In March 2022 the Ministry of Justice published a call for evidence addressing SLAPPs, with a commitment to pursue procedural reform to disincentivise the use of SLAPPs by litigants.  The Ministry received 120 responses and published its own response in July 2022.  Since then, however, there has been little (public) evidence of progress, which has led to the latest push by Labour MPs, journalists and media organisations to put the SLAPP reforms back on the Government's agenda.  On 24 November 2022, a failed attempt was made by a Labour MP to add a SLAPP reform rider to the Economic Crimes Bill, and in the following week a coalition of media editors, publishers and lawyers followed this up with a call to hasten an anti-SLAPP law.  Whilst the Ministry of Justice responded by saying that the issue was of "utmost importance" and reforms would be introduced "as soon as possible", there is no  timetable in place as yet.  The Government's agenda has undoubtedly been stalled over the summer with the various changes to ministerial portfolios, although we note that Dominic Raab, the Secretary of Justice at the time the call for evidence was published in March 2022, has recently been reinstated to his former position. 

SRA announcement

On 28 November 2022, the SRA issued a warning on the use of SLAPPs, with a particular focus on pre-action letters.  This move from the SRA had been foreshadowed for some time: see our September briefing on the subject of the SRA's interest in SLAPPs, and the use of pre-action correspondence. 

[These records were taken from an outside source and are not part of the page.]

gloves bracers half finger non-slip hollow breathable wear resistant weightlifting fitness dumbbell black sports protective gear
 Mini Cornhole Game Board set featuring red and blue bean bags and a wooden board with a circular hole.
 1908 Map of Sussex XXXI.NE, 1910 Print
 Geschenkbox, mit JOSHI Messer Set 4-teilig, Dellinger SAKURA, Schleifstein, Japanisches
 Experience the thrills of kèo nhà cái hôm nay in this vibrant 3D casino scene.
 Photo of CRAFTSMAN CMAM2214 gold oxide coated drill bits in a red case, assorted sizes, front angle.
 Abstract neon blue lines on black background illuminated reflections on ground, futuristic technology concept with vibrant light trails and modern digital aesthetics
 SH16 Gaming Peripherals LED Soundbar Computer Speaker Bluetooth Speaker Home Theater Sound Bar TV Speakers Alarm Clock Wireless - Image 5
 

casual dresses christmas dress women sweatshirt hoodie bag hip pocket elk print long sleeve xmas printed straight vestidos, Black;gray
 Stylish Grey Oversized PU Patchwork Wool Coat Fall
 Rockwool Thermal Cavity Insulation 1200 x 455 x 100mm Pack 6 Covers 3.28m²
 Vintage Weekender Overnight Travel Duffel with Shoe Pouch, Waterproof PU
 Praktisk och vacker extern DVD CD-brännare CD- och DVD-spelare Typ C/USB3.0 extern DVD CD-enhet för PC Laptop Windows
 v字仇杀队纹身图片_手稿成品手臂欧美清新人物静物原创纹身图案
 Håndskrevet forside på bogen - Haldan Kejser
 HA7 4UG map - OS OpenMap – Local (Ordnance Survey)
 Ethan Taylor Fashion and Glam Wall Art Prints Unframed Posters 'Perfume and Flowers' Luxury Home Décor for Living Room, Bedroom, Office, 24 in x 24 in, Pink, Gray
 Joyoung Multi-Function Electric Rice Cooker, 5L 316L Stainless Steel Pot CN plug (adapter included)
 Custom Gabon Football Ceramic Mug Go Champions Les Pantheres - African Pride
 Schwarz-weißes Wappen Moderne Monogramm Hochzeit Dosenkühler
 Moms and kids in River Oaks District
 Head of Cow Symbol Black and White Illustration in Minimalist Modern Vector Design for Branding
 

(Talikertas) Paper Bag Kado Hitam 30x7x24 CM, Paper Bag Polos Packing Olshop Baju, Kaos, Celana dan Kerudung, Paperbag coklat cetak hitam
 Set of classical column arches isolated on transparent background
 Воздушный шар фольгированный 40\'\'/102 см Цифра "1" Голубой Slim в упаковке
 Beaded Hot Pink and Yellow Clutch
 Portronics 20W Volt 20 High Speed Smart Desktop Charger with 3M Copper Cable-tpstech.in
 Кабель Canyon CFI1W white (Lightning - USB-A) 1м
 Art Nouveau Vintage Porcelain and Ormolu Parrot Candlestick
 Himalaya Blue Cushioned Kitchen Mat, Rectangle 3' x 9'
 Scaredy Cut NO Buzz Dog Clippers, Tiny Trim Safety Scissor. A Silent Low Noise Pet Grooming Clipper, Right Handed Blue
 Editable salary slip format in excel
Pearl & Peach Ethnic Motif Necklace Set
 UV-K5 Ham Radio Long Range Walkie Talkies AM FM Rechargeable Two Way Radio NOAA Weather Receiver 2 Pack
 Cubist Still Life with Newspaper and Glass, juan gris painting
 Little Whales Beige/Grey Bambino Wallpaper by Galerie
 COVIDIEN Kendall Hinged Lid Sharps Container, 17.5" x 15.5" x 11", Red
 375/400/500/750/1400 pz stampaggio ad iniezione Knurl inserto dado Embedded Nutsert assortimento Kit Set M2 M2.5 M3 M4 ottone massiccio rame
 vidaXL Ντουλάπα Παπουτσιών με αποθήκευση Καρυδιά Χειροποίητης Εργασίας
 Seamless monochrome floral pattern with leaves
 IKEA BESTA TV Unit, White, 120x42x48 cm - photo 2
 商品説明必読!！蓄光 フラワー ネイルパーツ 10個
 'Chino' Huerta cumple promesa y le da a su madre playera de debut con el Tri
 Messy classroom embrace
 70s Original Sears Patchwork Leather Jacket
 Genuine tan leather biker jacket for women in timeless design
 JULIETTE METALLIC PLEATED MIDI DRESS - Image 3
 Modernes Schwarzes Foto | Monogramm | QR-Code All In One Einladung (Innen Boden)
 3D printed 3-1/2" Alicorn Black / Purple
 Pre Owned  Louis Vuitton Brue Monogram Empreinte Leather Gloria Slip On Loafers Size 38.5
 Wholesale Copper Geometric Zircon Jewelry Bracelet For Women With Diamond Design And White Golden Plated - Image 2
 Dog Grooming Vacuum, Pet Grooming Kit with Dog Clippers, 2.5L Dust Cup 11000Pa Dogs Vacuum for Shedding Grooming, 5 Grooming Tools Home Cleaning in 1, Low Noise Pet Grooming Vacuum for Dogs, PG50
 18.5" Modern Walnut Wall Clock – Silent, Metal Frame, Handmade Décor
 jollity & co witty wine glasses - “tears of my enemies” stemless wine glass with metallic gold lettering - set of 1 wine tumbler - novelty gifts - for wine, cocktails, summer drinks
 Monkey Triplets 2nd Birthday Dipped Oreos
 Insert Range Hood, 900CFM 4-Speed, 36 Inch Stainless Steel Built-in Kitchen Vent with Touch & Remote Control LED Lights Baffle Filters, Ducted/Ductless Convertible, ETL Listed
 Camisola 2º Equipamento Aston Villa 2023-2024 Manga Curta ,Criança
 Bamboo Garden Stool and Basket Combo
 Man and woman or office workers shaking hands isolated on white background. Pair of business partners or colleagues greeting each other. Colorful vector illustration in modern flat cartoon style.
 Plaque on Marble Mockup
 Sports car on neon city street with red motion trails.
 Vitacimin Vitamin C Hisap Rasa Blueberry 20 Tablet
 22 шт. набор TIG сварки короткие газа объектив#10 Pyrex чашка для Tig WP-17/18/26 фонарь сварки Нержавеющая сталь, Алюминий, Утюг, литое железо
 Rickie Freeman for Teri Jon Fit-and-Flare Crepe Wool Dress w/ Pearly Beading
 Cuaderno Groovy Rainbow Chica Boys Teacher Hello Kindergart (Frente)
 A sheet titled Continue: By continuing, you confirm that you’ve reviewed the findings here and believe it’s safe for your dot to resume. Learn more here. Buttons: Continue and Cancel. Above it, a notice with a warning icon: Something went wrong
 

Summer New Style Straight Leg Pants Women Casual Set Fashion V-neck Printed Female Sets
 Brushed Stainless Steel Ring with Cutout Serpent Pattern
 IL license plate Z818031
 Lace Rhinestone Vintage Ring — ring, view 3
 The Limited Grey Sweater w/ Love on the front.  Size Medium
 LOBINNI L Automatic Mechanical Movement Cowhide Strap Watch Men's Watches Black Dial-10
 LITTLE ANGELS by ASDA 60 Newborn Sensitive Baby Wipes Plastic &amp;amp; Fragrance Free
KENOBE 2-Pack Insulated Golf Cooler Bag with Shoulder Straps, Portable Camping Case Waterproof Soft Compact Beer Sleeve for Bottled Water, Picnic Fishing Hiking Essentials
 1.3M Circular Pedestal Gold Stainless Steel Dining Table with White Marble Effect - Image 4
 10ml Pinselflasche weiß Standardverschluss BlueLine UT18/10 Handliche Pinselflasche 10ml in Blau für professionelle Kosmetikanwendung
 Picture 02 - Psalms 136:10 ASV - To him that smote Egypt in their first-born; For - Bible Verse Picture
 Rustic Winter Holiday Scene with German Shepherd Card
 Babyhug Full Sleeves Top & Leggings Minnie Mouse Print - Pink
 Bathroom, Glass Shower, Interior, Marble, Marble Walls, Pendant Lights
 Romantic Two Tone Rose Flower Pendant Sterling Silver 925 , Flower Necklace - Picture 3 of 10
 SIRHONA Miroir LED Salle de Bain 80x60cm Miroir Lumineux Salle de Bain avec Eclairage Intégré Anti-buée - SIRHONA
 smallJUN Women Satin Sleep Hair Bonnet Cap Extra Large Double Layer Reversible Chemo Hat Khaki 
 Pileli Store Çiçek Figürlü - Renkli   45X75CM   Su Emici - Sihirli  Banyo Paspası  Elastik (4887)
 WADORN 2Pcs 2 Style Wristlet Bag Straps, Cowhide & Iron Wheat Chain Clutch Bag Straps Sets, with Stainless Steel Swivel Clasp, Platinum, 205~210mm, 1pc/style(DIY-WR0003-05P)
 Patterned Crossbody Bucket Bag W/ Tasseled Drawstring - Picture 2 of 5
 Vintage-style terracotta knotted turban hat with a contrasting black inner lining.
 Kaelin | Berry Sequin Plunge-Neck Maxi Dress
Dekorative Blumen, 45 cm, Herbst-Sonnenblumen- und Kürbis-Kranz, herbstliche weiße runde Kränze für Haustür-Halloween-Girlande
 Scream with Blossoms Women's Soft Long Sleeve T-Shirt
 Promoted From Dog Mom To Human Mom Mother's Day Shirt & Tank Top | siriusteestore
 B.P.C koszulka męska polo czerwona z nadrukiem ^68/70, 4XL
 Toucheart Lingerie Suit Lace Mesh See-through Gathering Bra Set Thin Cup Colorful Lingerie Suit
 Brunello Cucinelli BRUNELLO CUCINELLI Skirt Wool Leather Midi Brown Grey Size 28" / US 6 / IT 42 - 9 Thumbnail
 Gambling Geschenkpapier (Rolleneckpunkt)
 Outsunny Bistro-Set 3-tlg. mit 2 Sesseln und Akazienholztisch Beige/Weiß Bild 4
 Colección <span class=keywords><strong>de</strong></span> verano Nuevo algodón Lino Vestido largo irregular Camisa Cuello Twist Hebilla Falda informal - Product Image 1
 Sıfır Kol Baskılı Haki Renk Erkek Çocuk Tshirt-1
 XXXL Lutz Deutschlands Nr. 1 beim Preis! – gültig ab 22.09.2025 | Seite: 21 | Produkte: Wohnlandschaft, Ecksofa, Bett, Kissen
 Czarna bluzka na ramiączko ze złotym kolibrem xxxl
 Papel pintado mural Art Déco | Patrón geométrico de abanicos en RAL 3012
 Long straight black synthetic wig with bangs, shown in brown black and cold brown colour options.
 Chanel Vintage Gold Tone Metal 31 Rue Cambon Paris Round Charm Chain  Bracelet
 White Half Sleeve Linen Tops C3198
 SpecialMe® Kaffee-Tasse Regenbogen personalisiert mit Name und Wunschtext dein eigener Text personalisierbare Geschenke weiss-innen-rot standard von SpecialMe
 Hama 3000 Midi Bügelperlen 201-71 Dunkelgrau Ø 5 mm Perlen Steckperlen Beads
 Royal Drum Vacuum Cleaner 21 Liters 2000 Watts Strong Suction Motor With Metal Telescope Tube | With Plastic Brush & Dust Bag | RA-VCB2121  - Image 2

The SRA's warning summarises, in broad terms, the Government's proposed test (as set out in its response to the call for evidence) to identify a SLAPP suit, before outlining how the existing Code of Conduct should apply in the context of a scenario where a client requests a SLAPP-type claim to be issued.  The SRA's warning states that it expects practitioners to identify when a proposed cause of action could be a SLAPP and, if such a situation is identified, should "decline to act in this way".  The SRA suggests several "red flags" which may aid practitioners in identifying whether a cause of action may be a SLAPP, including (i) identifying the target of the suit (e.g. a journalist or academic), (ii) the nature of the instructions (e.g. if the instructions only relate to "public relations") and (iii) the nature of the strategy (e.g. if a client requests that a cause of action target individuals in circumstances where a corporate entity is the more appropriate defendant ). 

The SRA also states that it expects practitioners to consider whether the proposed cause of action is meritless or disproportionate, and for solicitors to take "reasonable steps" to satisfy themselves  "that a claim is properly arguable before putting it forward".  Finally, the SRA addresses the use of pre-action correspondence in circumstances where a recipient may be vulnerable or unrepresented, including warning against the use of terms such as "private & confidential" and "without prejudice" in circumstances where those terms are in fact unfulfilled. 

Conclusion

As we noted back in September, it is interesting to see these parallel efforts to address the use of SLAPPs in this jurisdiction: the Government's approach is to change existing court procedure, whilst the SRA's approach is to address the tactics utilised by some lawyers outside of the courtroom (e.g. in the use of correspondence).  These two approaches (i.e. the "hard" approach by the Government and the "soft" approach by the SRA) may prove to be complementary.  However, the Government's approach appears to have stalled, whereas the SRA has already put in place measures that require solicitors carefully to consider their role and duties if they reasonably suspect that they are being instructed to facilitate a SLAPP.